# Exercise instructions
Leaving out all pictures, transcribe the lines below exactly, from the first through the line containing "外壁の下塗り1回目の工程です".

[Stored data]
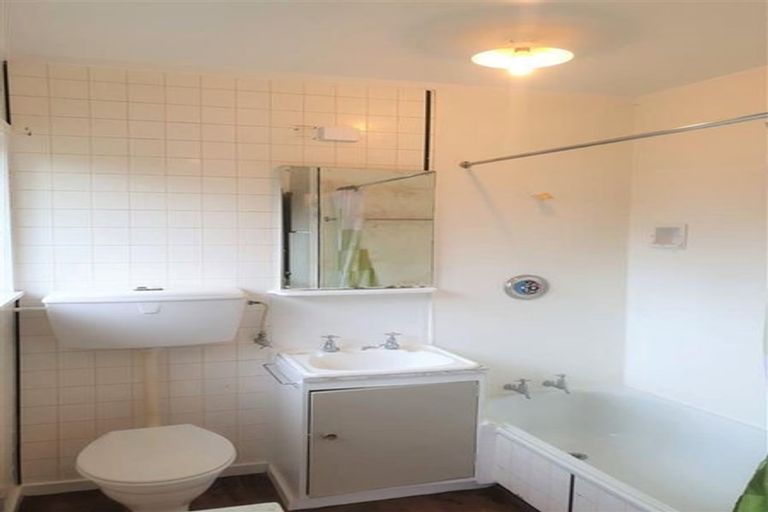 Photo of property in 32 Brentford Place, Manurewa, Auckland, 2102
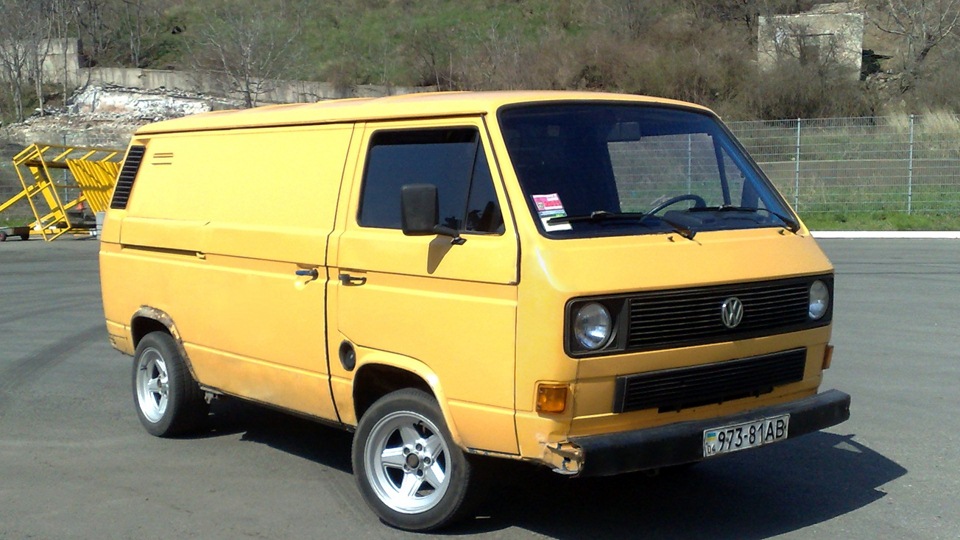 Фольксваген транспортер 1 купить. VW Transporter 1990. Фольксваген Транспортер 6.1. Фольксваген Транспортер старенький. VW Transporter old.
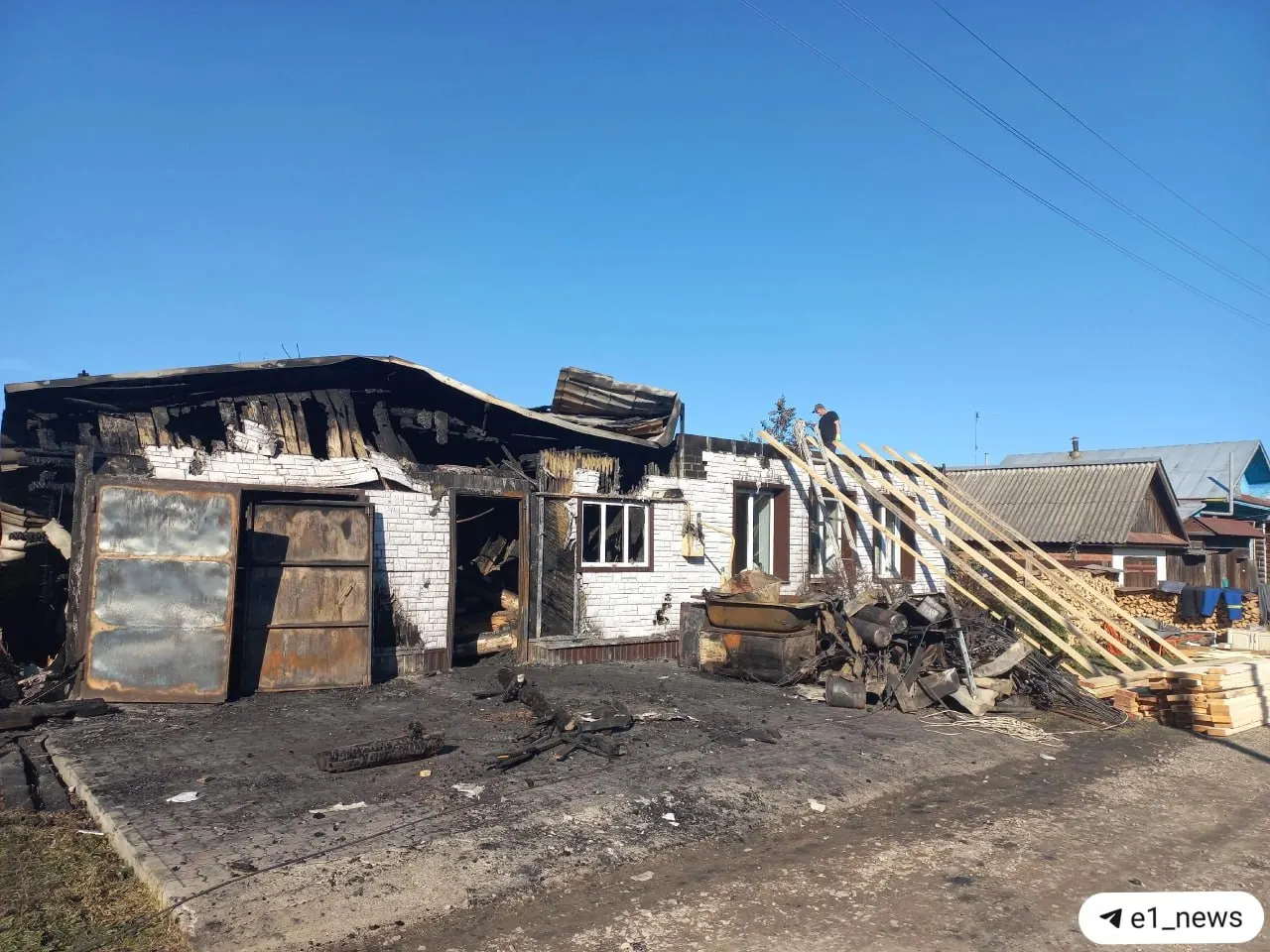 Пожар повредил крышу и хозяйственные постройки частного дома; супруги-пенсионеры нуждаются в помощи местного сообщества.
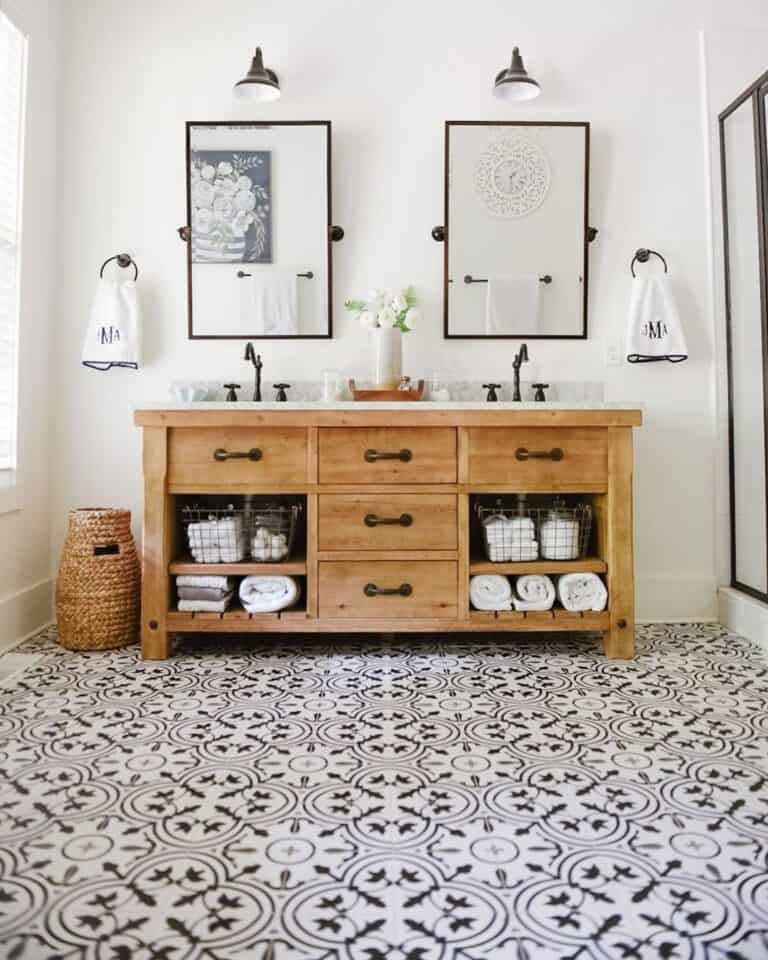 Black and White Quatrefoil Tile Flooring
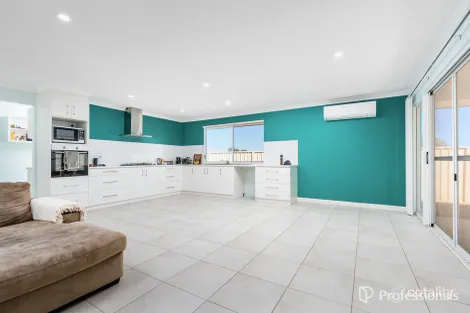 Property photo of 16 Pepper Gate Waggrakine WA 6530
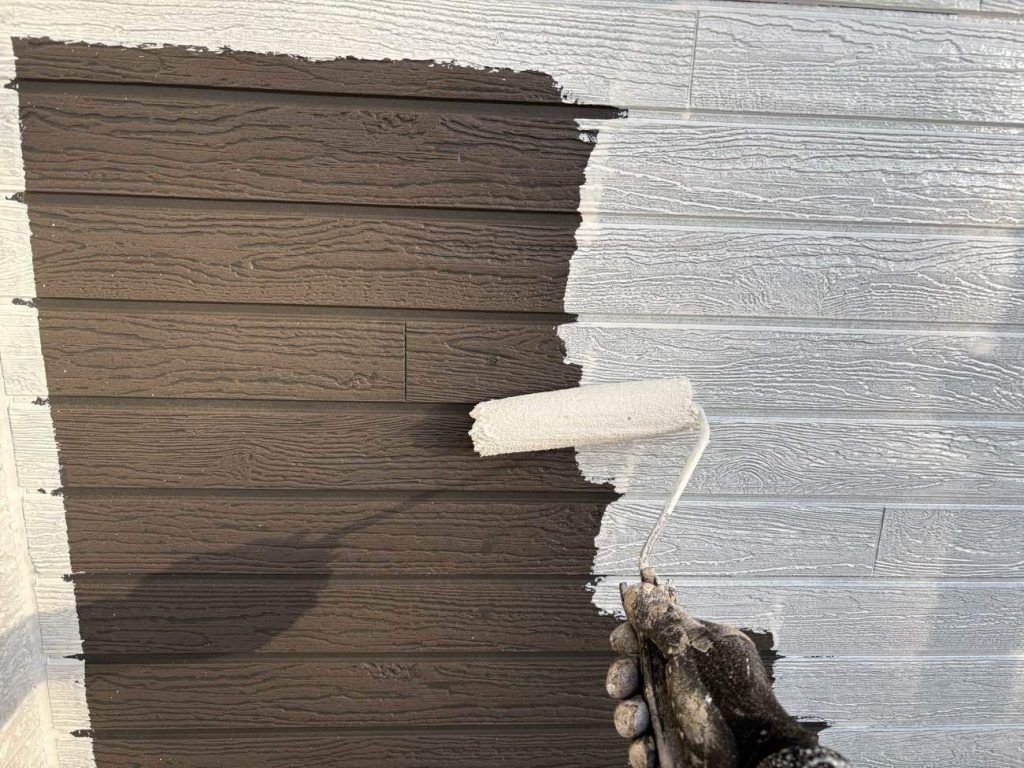 外壁の下塗り1回目の工程です。日本ペイントファイン浸透シーラーを塗布します。劣化したサイディング材の奥深くまで浸透し、傷んだ素地を内側から強固に補強する役割を持ちます。また、次に塗る塗料との密着性を高める強力な接着剤としても機能するため、塗り残しがないようローラーを用いて外壁全体にしっかりと吸わせていきます。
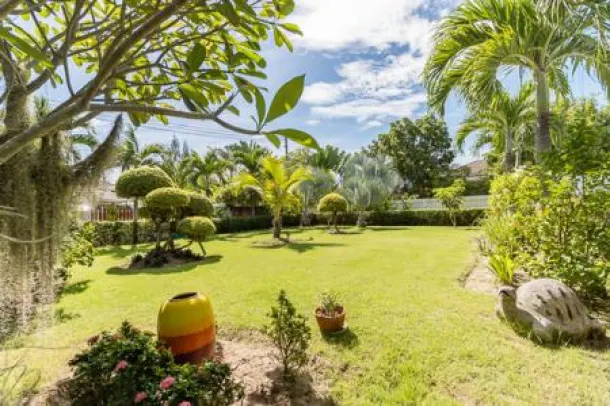 Ave 88 Executive : Well Design 3 Bed Pool Villa 3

# Your solution
 Photo of property in 32 Brentford Place, Manurewa, Auckland, 2102
 Фольксваген транспортер 1 купить. VW Transporter 1990. Фольксваген Транспортер 6.1. Фольксваген Транспортер старенький. VW Transporter old.
 Пожар повредил крышу и хозяйственные постройки частного дома; супруги-пенсионеры нуждаются в помощи местного сообщества.
 Black and White Quatrefoil Tile Flooring
 Property photo of 16 Pepper Gate Waggrakine WA 6530
 外壁の下塗り1回目の工程です。日本ペイントファイン浸透シーラーを塗布します。劣化したサイディング材の奥深くまで浸透し、傷んだ素地を内側から強固に補強する役割を持ちます。また、次に塗る塗料との密着性を高める強力な接着剤としても機能するため、塗り残しがないようローラーを用いて外壁全体にしっかりと吸わせていきます。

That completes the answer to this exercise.